Antonio Archidona-Yuste, Carolina Cantalapiedra-Navarrete, Pablo Castillo and Juan E. Palomares-Rius
The genus Longidorus constitutes a large group of approximately 170 species of plant-ectoparasitic nematodes that are polyphagous and distributed almost worldwide. Some of the species of this genus are vectors of plant viruses. Species discrimination in Longidorus is difficult because the morphology is very conservative, and morphometric characters often overlap, leading to potential misidentification. Integrative taxonomy, based on the combination of molecular analyses with morphology, is a useful and necessary approach in Longidorus species identification.

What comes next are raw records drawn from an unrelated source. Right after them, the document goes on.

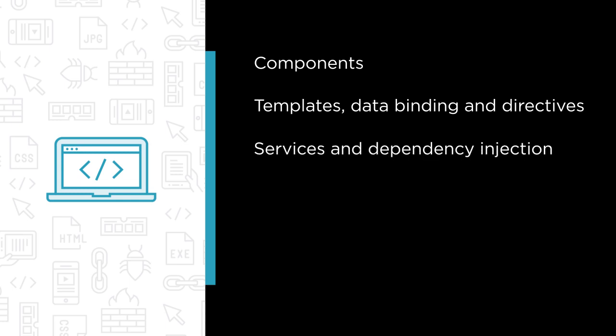You'll discover how to build services for logic needed across components, and inject those services where they are needed.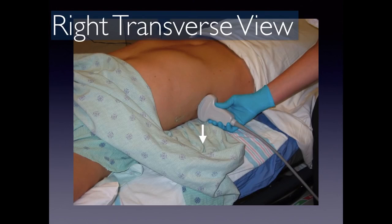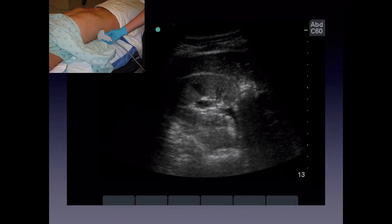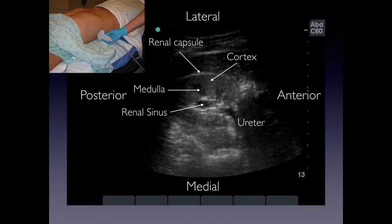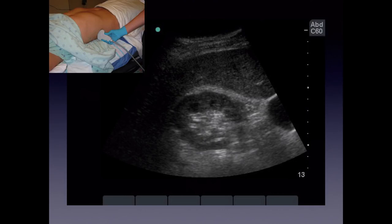For the right transverse view, the indicator is towards the bed. You get a transverse image of the kidney where you can sometimes see the ureter exiting and a medullary pyramid. We're still cutting the patient lateral to medial; the only change is flipping the transducer so the indicator is now posterior and the opposite is anterior. You can see the renal capsule and perinephric fat in this view as well.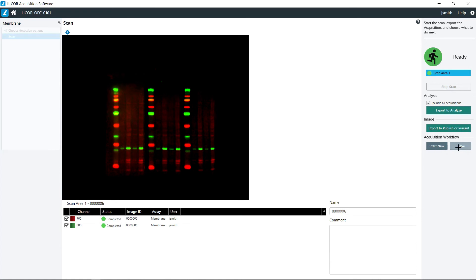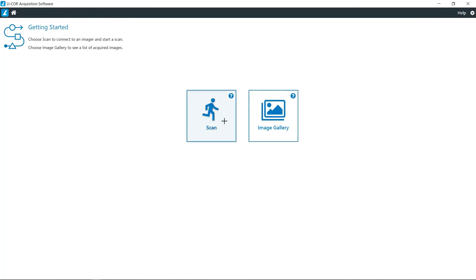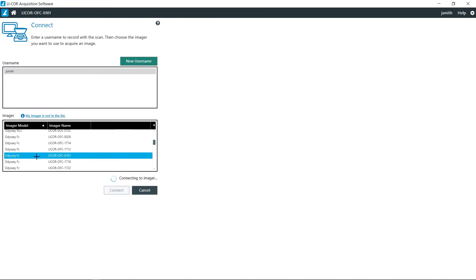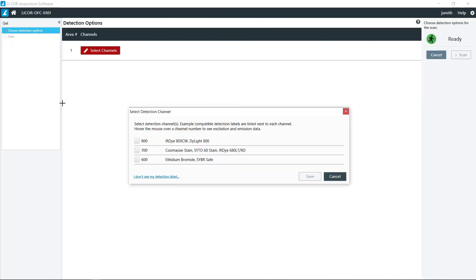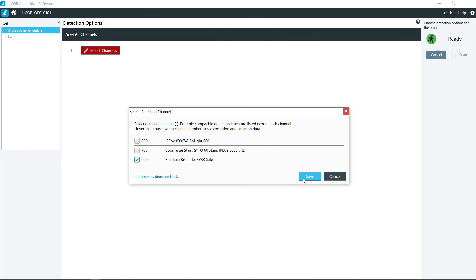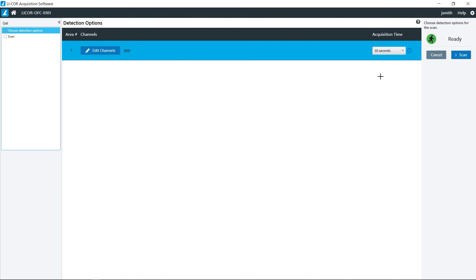For gels, we go back out, we do the same process of connecting to the imager, click on gel, and then if you have an ethidium bromide gel or one of the CyberSafe type of stains, you would then choose that. You also have the same choices of acquisition times, generally for the stain gels, 30 seconds to one minute is perfectly acceptable.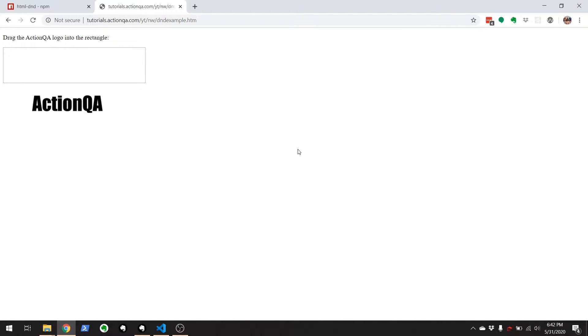Hello, this is Chris Jackson from ActionQA.com. In this video, I'll be covering how to do drag and drop testing with Nightwatch.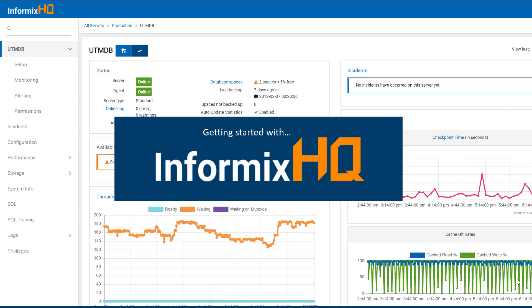Welcome to the Getting Started with Informix HQ video. In this demo, we're going to walk through the process of getting Informix HQ started for the very first time.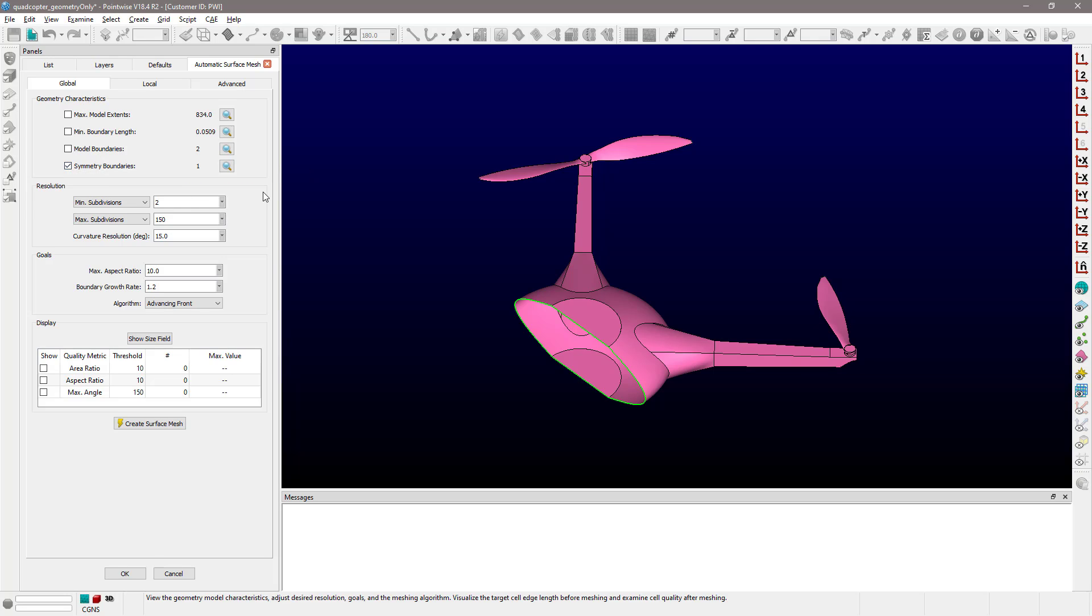The numbers that you specify in the resolution frame are going to seed the algorithms that behind the scenes will be used to create the surface mesh. As you can see, for example, you can specify the minimum number of subdivisions. If you remember, the number of subdivisions in a connector is the number of grid points minus one.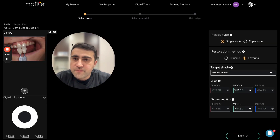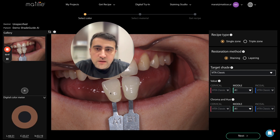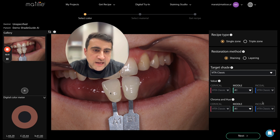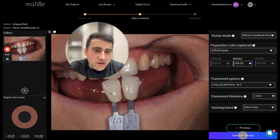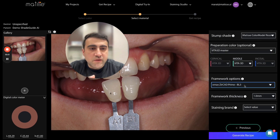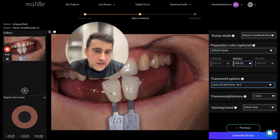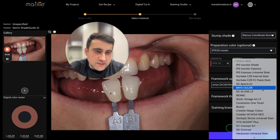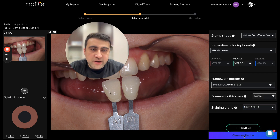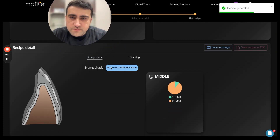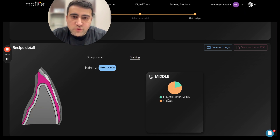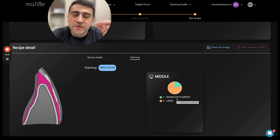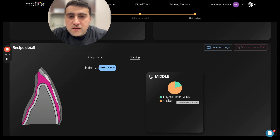Now the staining recipe: select staining, value A1, chroma A1, stump shade Color Model Resin Preparation. When using monolithic crowns, always start one or two shades brighter. Enter the thickness of the crown and the staining brand — let's use MIO for example — and generate the recipe. The staining mix is Mamelon Pumpkin one time and Linen four times. For paste stains, we developed a silicone portioner to mix the given ratios.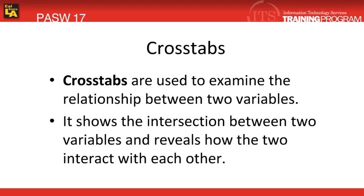Crosstabs are used to examine the relationship between two variables within your data file. It's essentially going to show you the intersection between the two variables and how they interact with one another.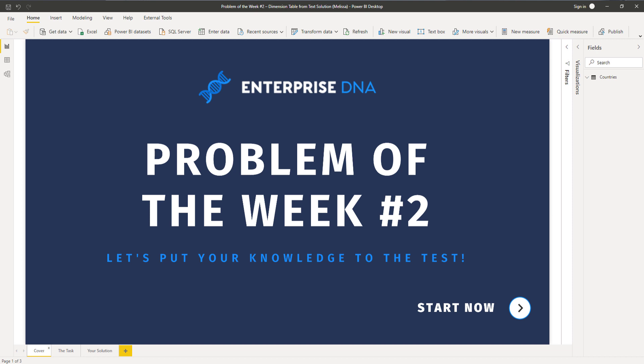So last time Brian spoke about a technique called rubber duck debugging. If you missed that, be sure to check out his video. It can help you when you get stuck in these challenges. Alright, so let's examine the task.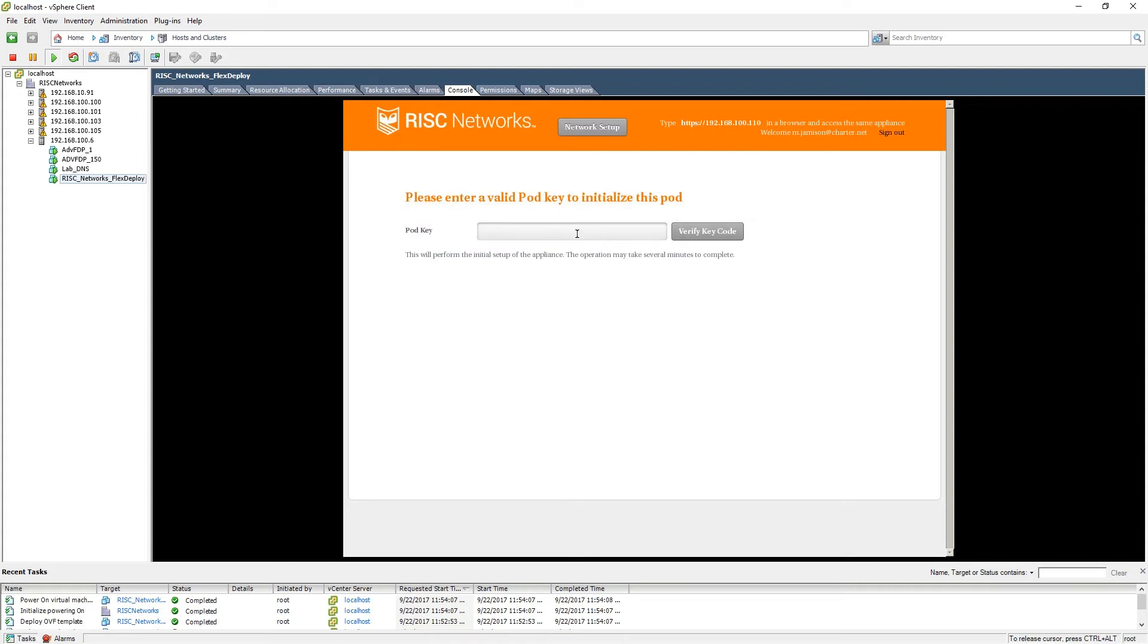It is now time to enter the key for the FlexDeploy pod. When you have entered the code, please click verify key code. This process will take a few moments to complete. Please be patient and only click one time.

In Spain from 2014 to 2017, we conducted nematode surveys among cultivated and wild plants, from which we identified 13 populations of Longidorus, two of which appeared to represent new species and are described herein as L. iliturgiensis sp. nov. and L. pacensis sp. nov., and 11 populations belonging to eight known species: L. africanus, L. baeticus, L. carpetanensis, L. fasciatus, L. nevesi, L. cf. olegi, L. pini, and L. vallensis. Three species are new geographical records for Spain (L. nevesi, L. cf. olegi, and L. africanus). We report molecular data for L. nevesi, L. cf. olegi, L. carpetanensis and L. pini for the first time. Additionally, we describe the males of L. pini and the juveniles of L. cf. olegi.